* [WHAT IS REQUIRED] For this exercise, copy exactly every line from the one holding "Camicia per neonato" through the end of the data, both included. Omit pictures.

= = = = = = =

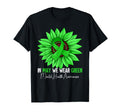 May We Wear Green Mental Health T-Shirt - Aesthetic Graphic for Adults - T-Shirt, Sweatshirt, Hoodie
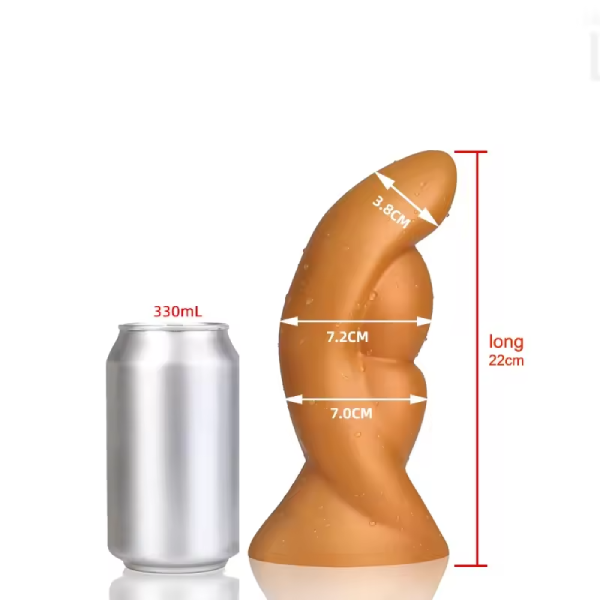 Plug Anal Grueso Curvo L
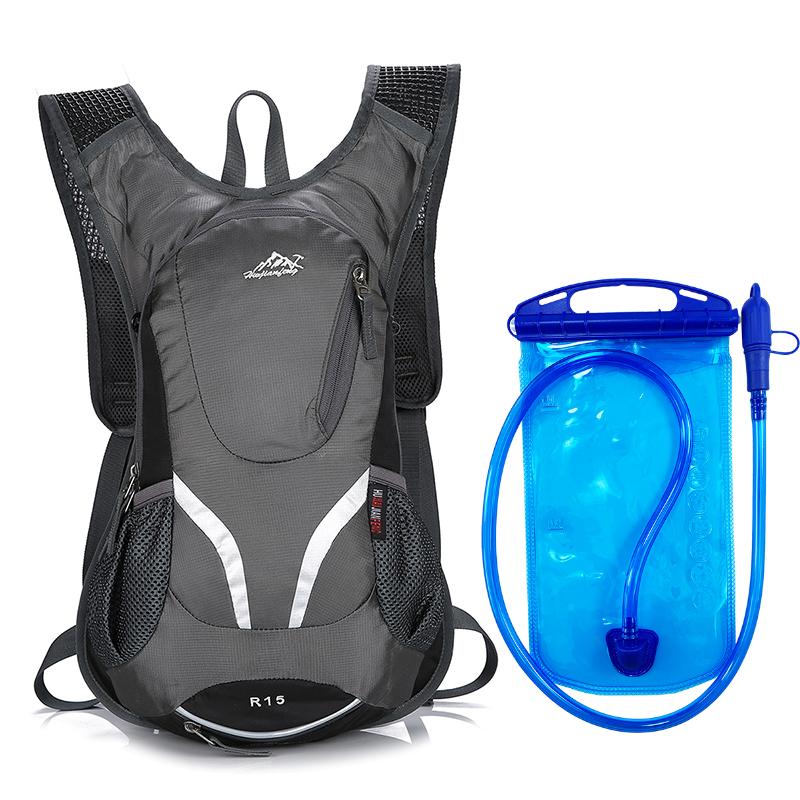 15L Outdoor Sport Cycling Climbing Water Bag Hydration Backpack Ultralight Rucksack Hiking Bike Riding Pack Bladder Knapsack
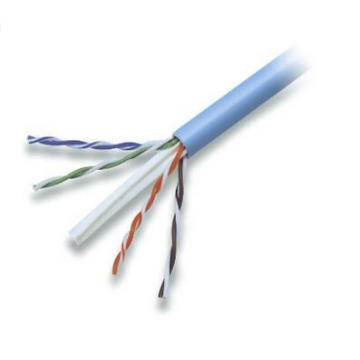 4-Pair UTP CAT6 Ethernet Cable with Solid Stranded Cu/CCA Blue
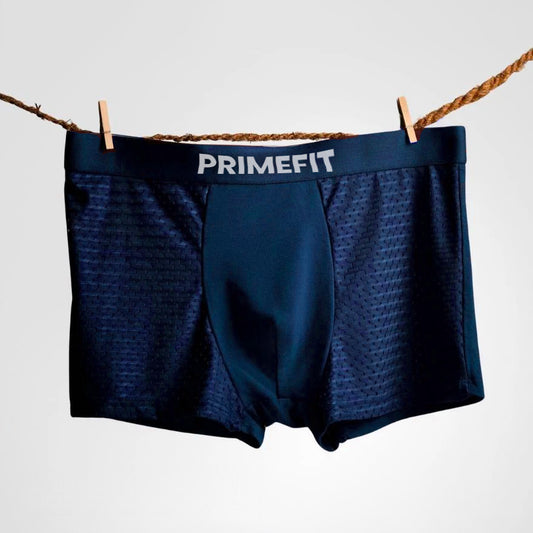 PRIMEFIT • PACK 4 BLEU • BOXER EN FIBRE DE BAMBOU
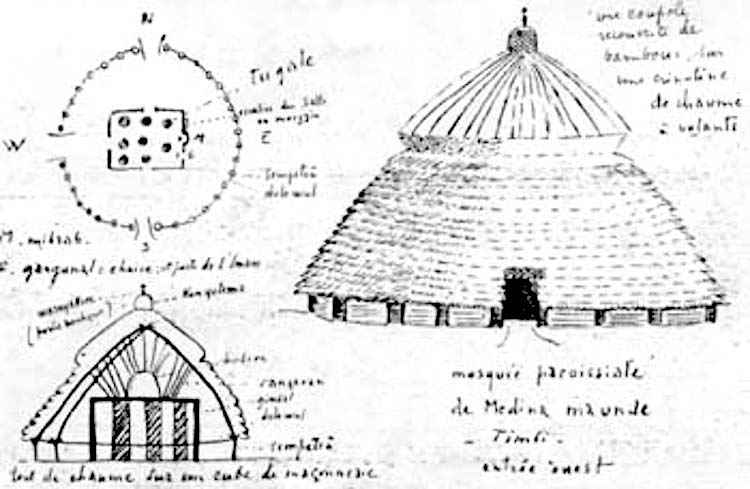 Mosquée paroissiale (misiide) de Madina Mawnde (Timbi)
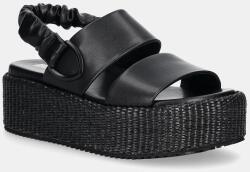 Blauer szandál OPAL fekete, platformos, S5OPAL04 - fekete Női 40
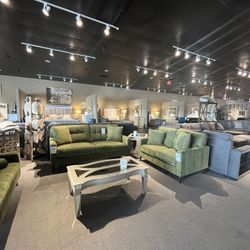 Green Sofa And Loveseat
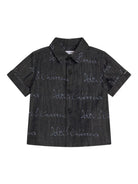 Camicia per neonato Dolce & Gabbana Kids nero in denim con colletto classico L14S22 LDC87 S9000 DOLCE & GABBANA KIDS 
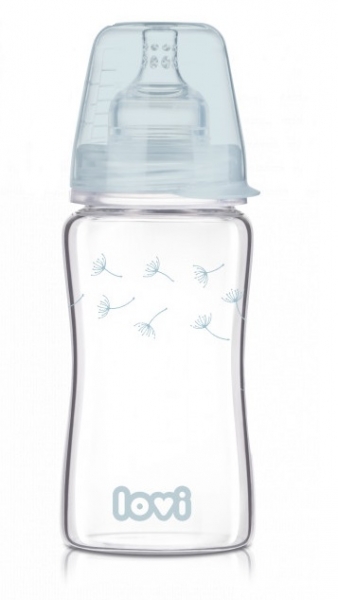 LOVI Skleněná lahvička 250 ml Diamond Glass - BOTANIC - vážka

= = = = = = =

* [WRITTEN RESPONSE]
 Camicia per neonato Dolce & Gabbana Kids nero in denim con colletto classico L14S22 LDC87 S9000 DOLCE & GABBANA KIDS 
 LOVI Skleněná lahvička 250 ml Diamond Glass - BOTANIC - vážka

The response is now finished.